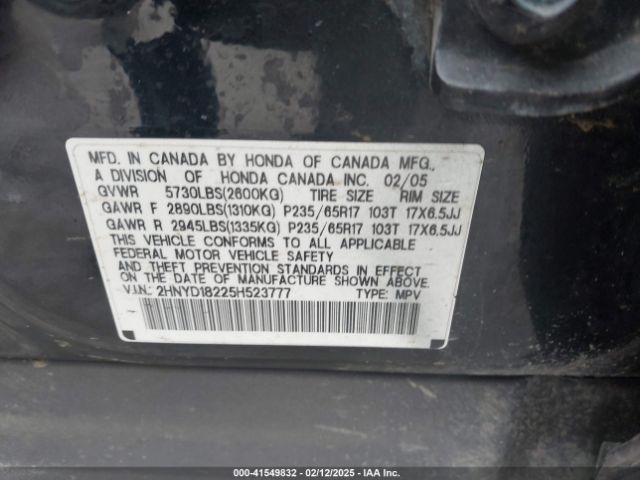 2005 ACURA MDX 2HNYD18225H523777 Photo 8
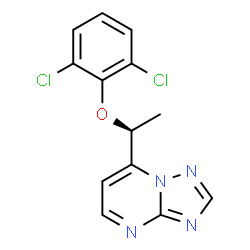 ChemSpider 2D Image | 7-[(1S)-1-(2,6-Dichlorophenoxy)ethyl][1,2,4]triazolo[1,5-a]pyrimidine | C13H10Cl2N4O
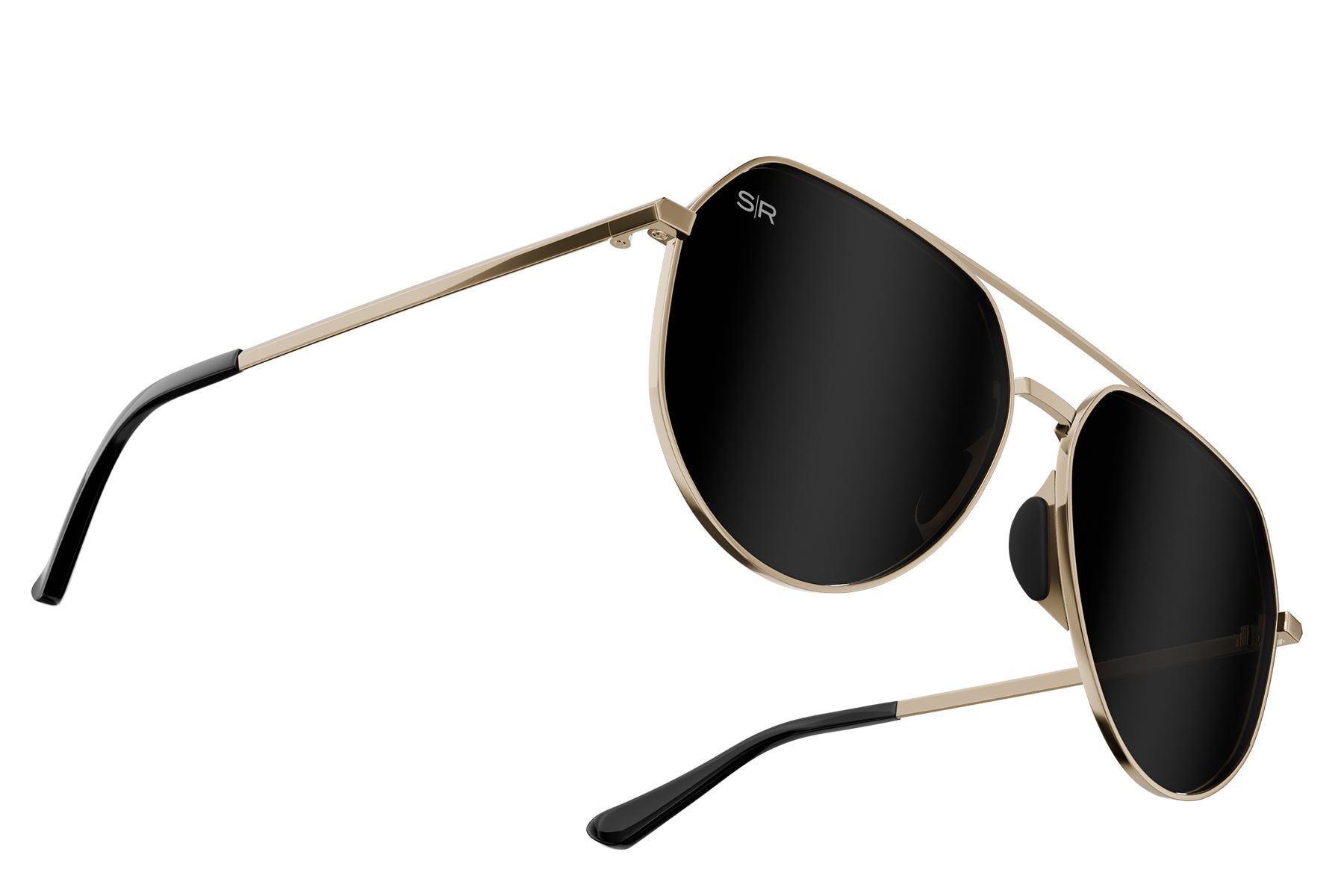 Tangle Free Aviator Hex – Black Gold Polarized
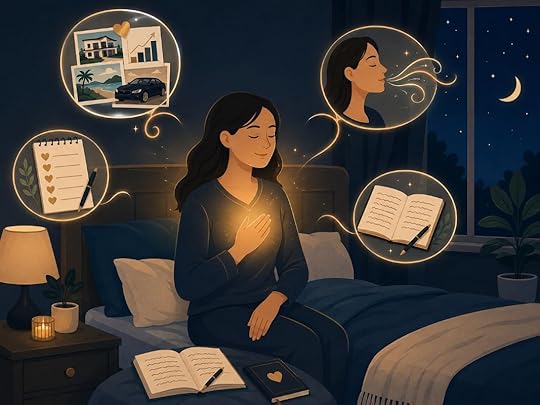 A calm woman sits in bed at night with a warm glow over her heart, surrounded by visual reminders of gratitude, prosperity images, journaling, and a bedtime mantra to reprogram subconscious mind while sleeping.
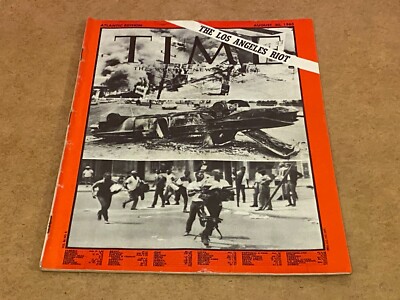 Time Magazine Dc Riots T54 TIME MAGAZINE ATLANTIC EDITION 20/8/1965 THE LOS ANGELES RIOTS ...
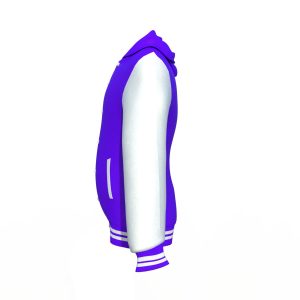 Purple Varsity Letterman Jacket with White Sleeves - Image 12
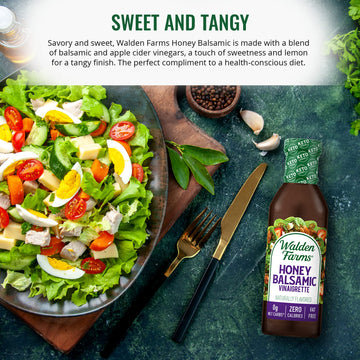 Walden Farms Honey Balsamic Vinaigrette - Calorie-Free, Gluten-Free, Low Carb, Keto-Friendly, Vegan, Sugar-Free, Dressing With S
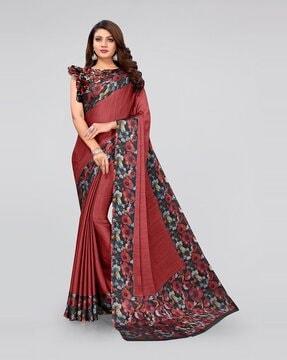 floral print chiffon saree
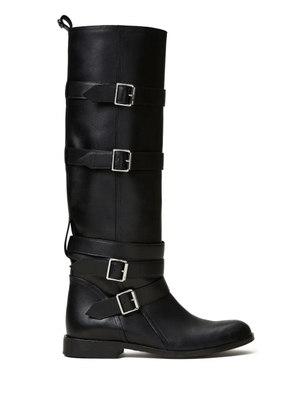 TWINSET buckle-strap leather boots - Black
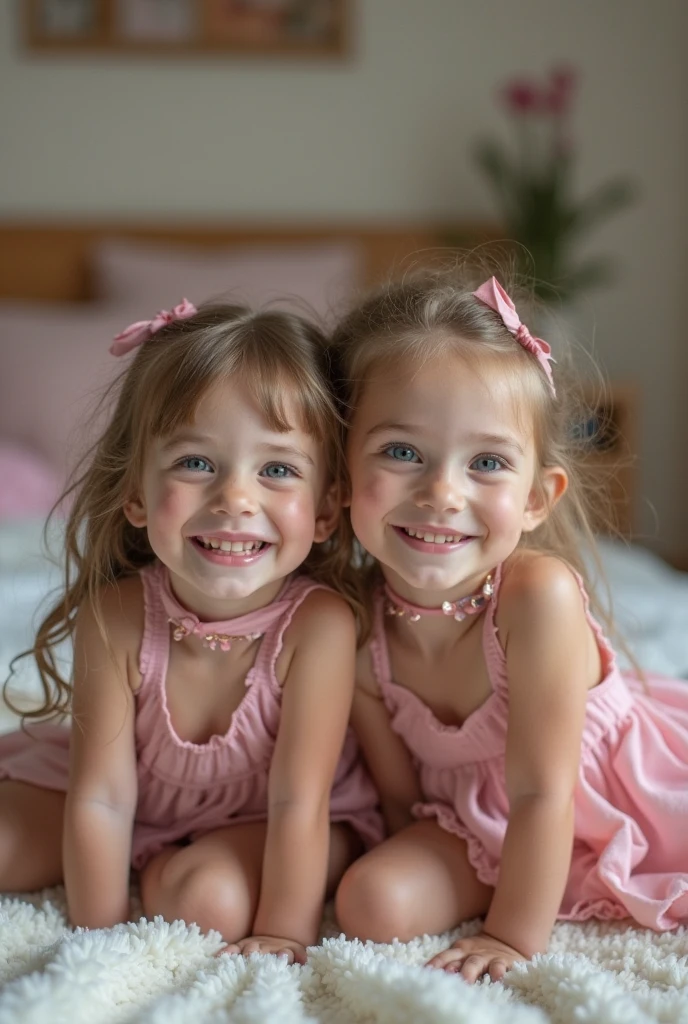 FOUR years old baby girl and SIX months old baby girl with headband. Photoshoot. Same dress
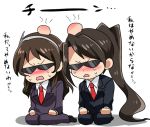  ashigara_(kantai_collection) formal head_bump kaisen02_(kaisen_donburi) kantai_collection long_hair multiple_girls nachi_(kantai_collection) ponytail side_ponytail suit sunglasses tears translation_request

-=-=-

Activity: Print all of the entries word for word. Skip any images they contain.

Solution to this exercise:
 2005 ACURA MDX 2HNYD18225H523777 Photo 8
 ChemSpider 2D Image | 7-[(1S)-1-(2,6-Dichlorophenoxy)ethyl][1,2,4]triazolo[1,5-a]pyrimidine | C13H10Cl2N4O
 Tangle Free Aviator Hex – Black Gold Polarized
 A calm woman sits in bed at night with a warm glow over her heart, surrounded by visual reminders of gratitude, prosperity images, journaling, and a bedtime mantra to reprogram subconscious mind while sleeping.
 Time Magazine Dc Riots T54 TIME MAGAZINE ATLANTIC EDITION 20/8/1965 THE LOS ANGELES RIOTS ...
 Purple Varsity Letterman Jacket with White Sleeves - Image 12
 Walden Farms Honey Balsamic Vinaigrette - Calorie-Free, Gluten-Free, Low Carb, Keto-Friendly, Vegan, Sugar-Free, Dressing With S
 floral print chiffon saree
 TWINSET buckle-strap leather boots - Black
 FOUR years old baby girl and SIX months old baby girl with headband. Photoshoot. Same dress
  ashigara_(kantai_collection) formal head_bump kaisen02_(kaisen_donburi) kantai_collection long_hair multiple_girls nachi_(kantai_collection) ponytail side_ponytail suit sunglasses tears translation_request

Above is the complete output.